Implications of all the available evidence
The ANSWER study results are clinically relevant. Indeed, they might prompt a change in HA use from targeting specific complications to a more comprehensive approach aimed at slowing down the progression of decompensated cirrhosis by acting as a disease-modifying treatment. Long-term HA administration unavoidably requires the use of health-care services and a careful patient compliance. However, the clinical advantages achieved and the favourable results of cost-effectiveness analysis can justify the implementation of this management strategy. Future research should clarify whether some patient subgroups would benefit most from long-term HA treatment and whether different doses and timing schedules might be more effective than those used in the present study.

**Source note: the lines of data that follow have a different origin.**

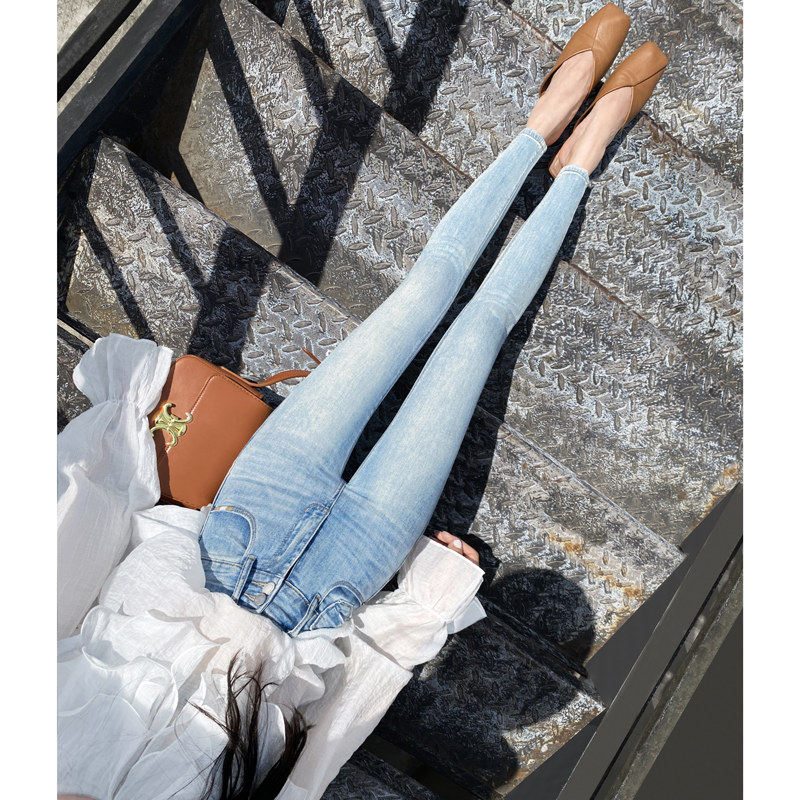 小众闭眼入~浅蓝色薄绒九分牛仔裤女秋冬双排扣高腰紧身小脚靴裤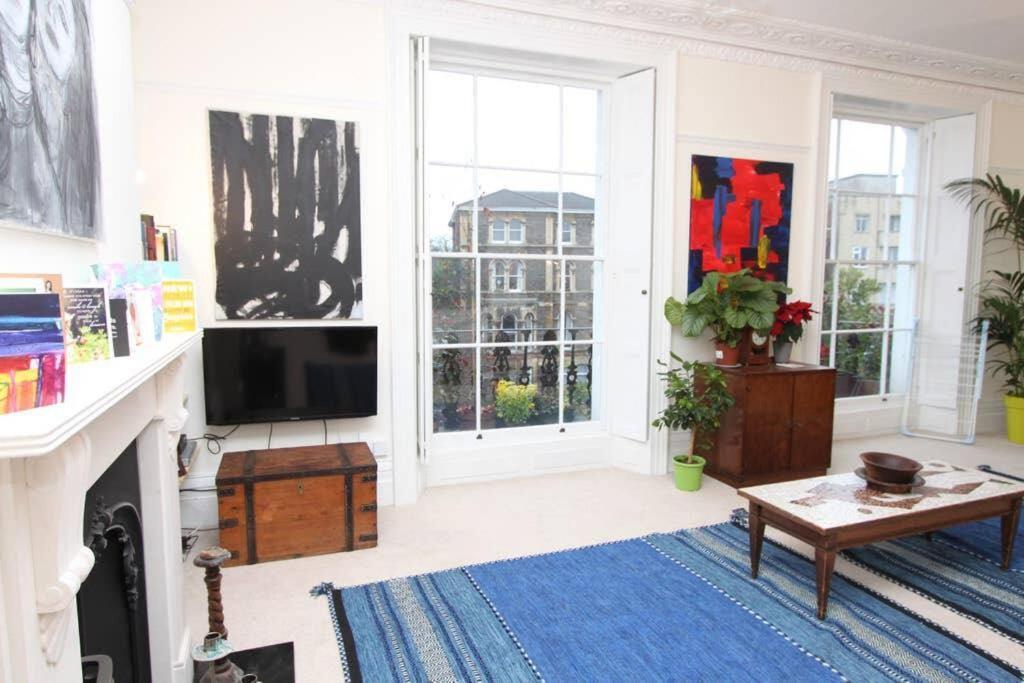 Stunning Arty Apartment In The Heart Of Clifton Бристоль Экстерьер фото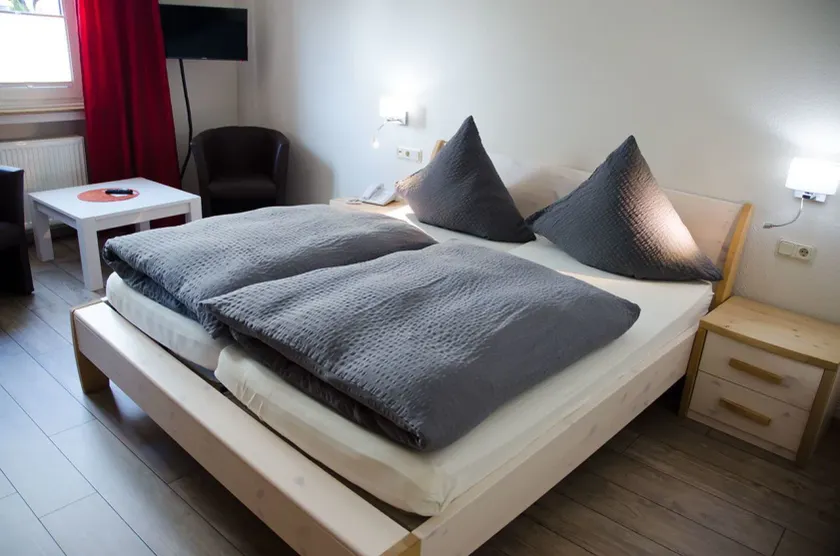 Hotel Theile garni - Image 1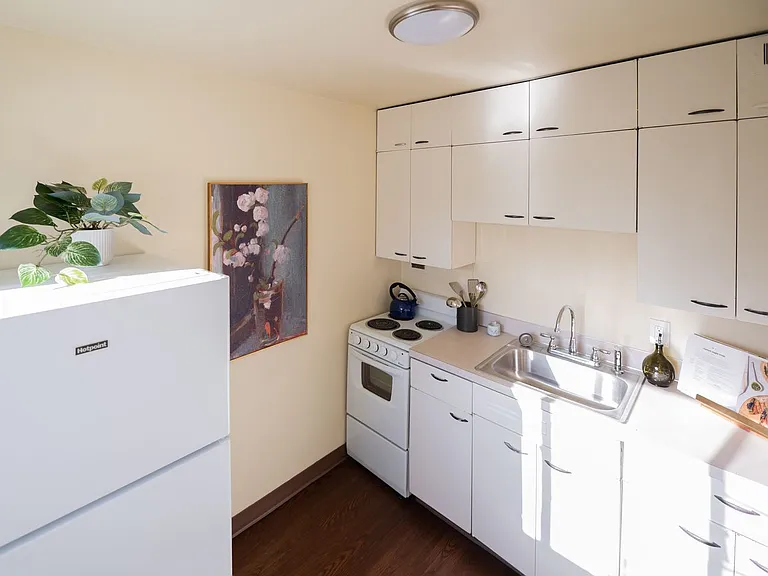 Eugene Manor Apartments — Photo 2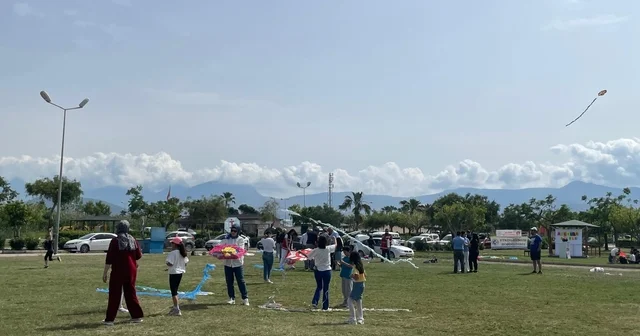 Antalya da Aile Yılı kapsamında uçurtma şenliği ve boyama etkinliği düzenlendi Antalya Haberleri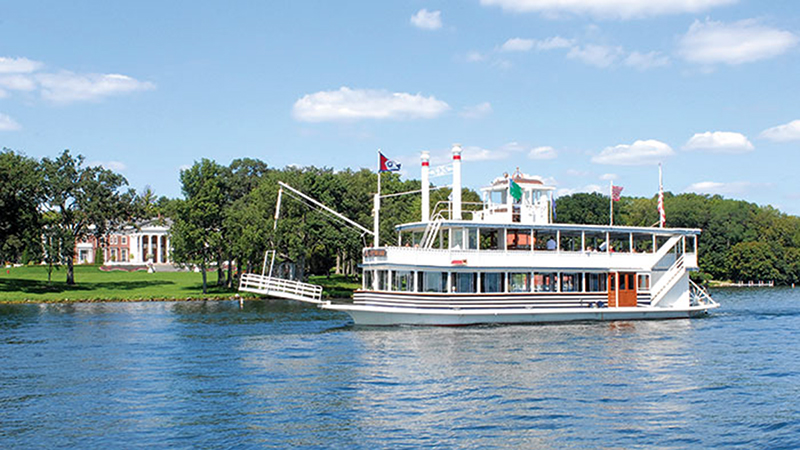 Take an Outdoor Tour on the Water with Lake Geneva Cruise Lines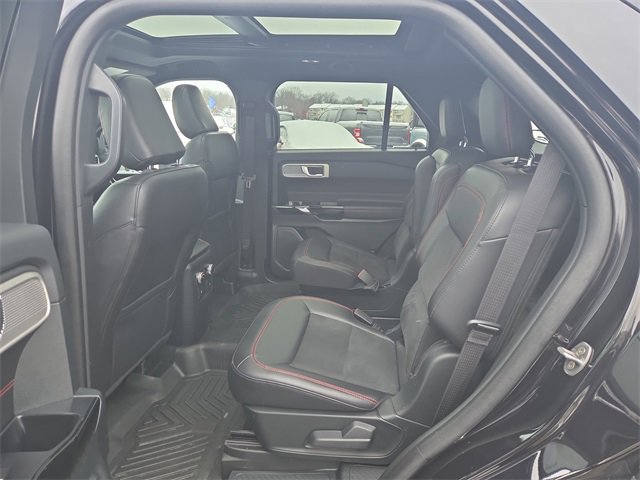 Certified 2023 Ford Explorer ST-Line w/ Class IV Trailer Tow Package image 38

The effects of adding long-term HA administration to diuretic therapy in decompensated cirrhosis have been assessed by only one research group in two prospective controlled clinical trials. In the first trial, HA administration after hospital discharge at a dose of 25 g every week for 1 year and 25 g every 2 weeks for the following 2 years, reduced the probability of developing ascites and hospital readmissions, with no effect on survival.13 The second trial extended patient follow-up to a median of 84 months, reporting improved transplant-free survival.14 However, the small sample size precluded a firm conclusion, and current guidelines do not support such a treatment.15, 16
With this background and our large randomised clinical trial, we aimed to assess the effect of long-term HA administration on overall mortality, management of ascites, and incidence of complications in patients with decompensated cirrhosis. Health-care costs and quality of life were also assessed to estimate the cost-effectiveness of the intervention.